## Uploading a dataset

In [1]:
from pubweb import PubWeb
client = PubWeb()

View a list of projects and processes to get the ID for the project you want to upload to.
You can also find the project ID by looking at the URL on the data portal.

In [2]:
projects = client.project.list()
projects
project = projects[2]
project

Project(id='9a31492a-e679-43ce-9f06-d84213c8f7f7', name='Test Project', description='Project used to test updates to the Portal')

Select the ingestion process we will use to ingest the data

In [3]:
from pubweb.models.process import Executor

ingest_processes = client.process.list(Executor.INGEST)
process = ingest_processes[3]
process

Process(id='custom_dataset', name='Custom Dataset', description='Any collection of files provided by the user', child_process_ids=None, executor=<Executor.INGEST: 'INGEST'>, documentation_url=None, code=None, form_spec_json=None, sample_sheet_path=None, file_requirements_message=None, file_mapping_rules=None)

We've included two helper functions to get a list of files in the specified directory and filter them.

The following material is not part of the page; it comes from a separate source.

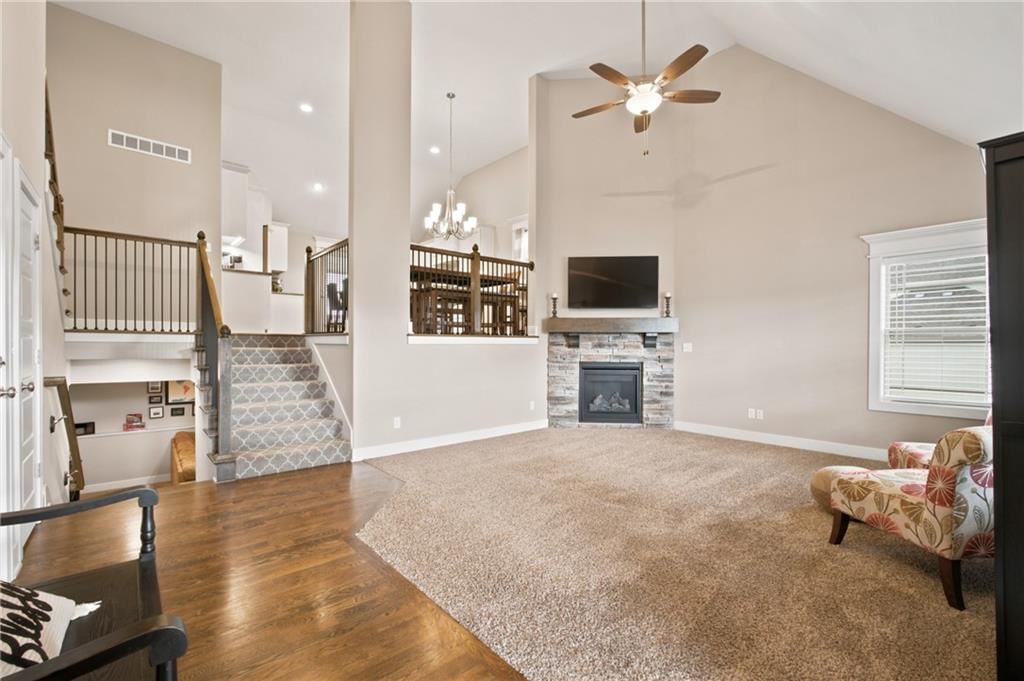 904 Papaw Lane — photo 6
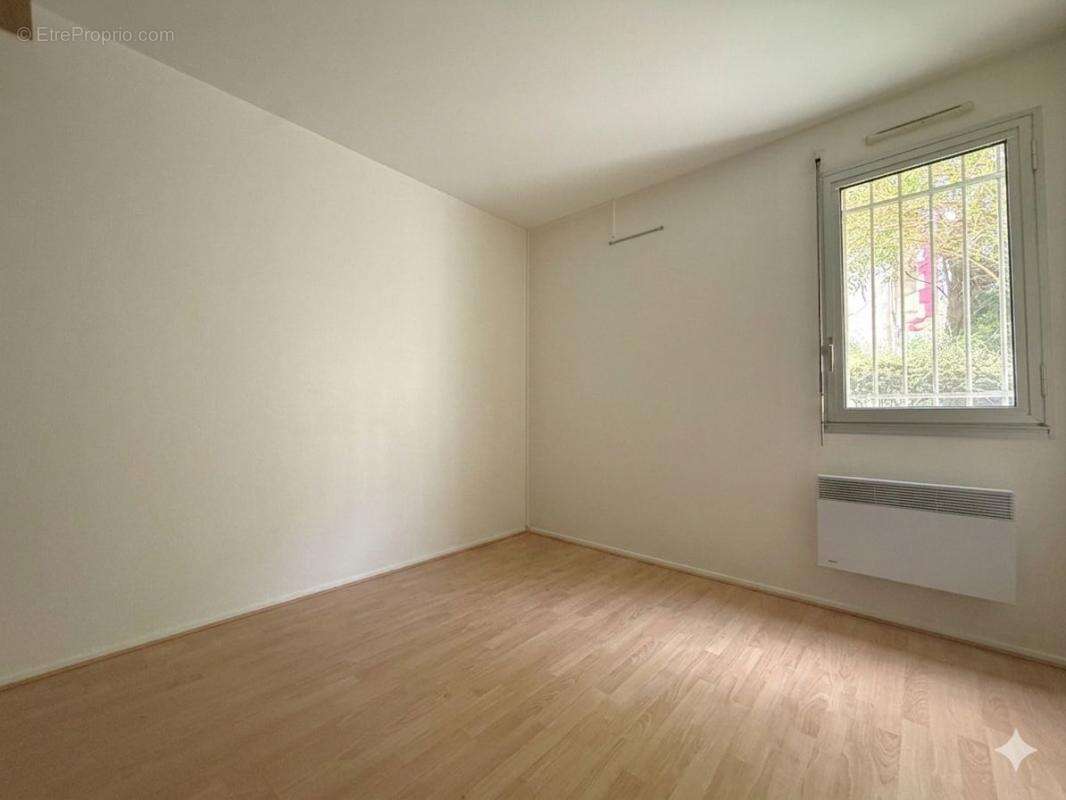 Appartement à VANVES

You can also manually create the list of files (using the relative paths)

In [4]:
from pubweb.file_utils import get_files_in_directory, filter_files_by_pattern

directory_to_upload = '/test'

files = get_files_in_directory(directory_to_upload)
files_to_upload = filter_files_by_pattern(files, '*.fastq.gz')
files_to_upload

['test.fastq.gz']

Fill in information on your new dataset in the `name` and `description` variables and then run to check the files and upload new data

In [5]:
from pubweb.models.dataset import CreateIngestDatasetInput
from pubweb.file_utils import check_dataset_files

name = 'Test dataset'
description = ''

file_mapping_rules = client.process.get_process(process.id).file_mapping_rules
check_dataset_files(files_to_upload, file_mapping_rules, directory_to_upload)

dataset_create_request = CreateIngestDatasetInput(
    project_id=project.id,
    process_id=process.id,
    name=name,
    description=description,
    files=files_to_upload
)

create_response = client.dataset.create(dataset_create_request)

client.dataset.upload_files(
    project_id=project.id,
    dataset_id=create_response['datasetId'],
    directory=directory_to_upload,
    files=dataset_create_request.files
)

create_response['datasetId']

Uploading file test.fastq.gz (180.76 KB) | 100.0%|█████████████████████████ | 14


'186b1d46-eb8b-428a-a9c1-01eeb37cf697'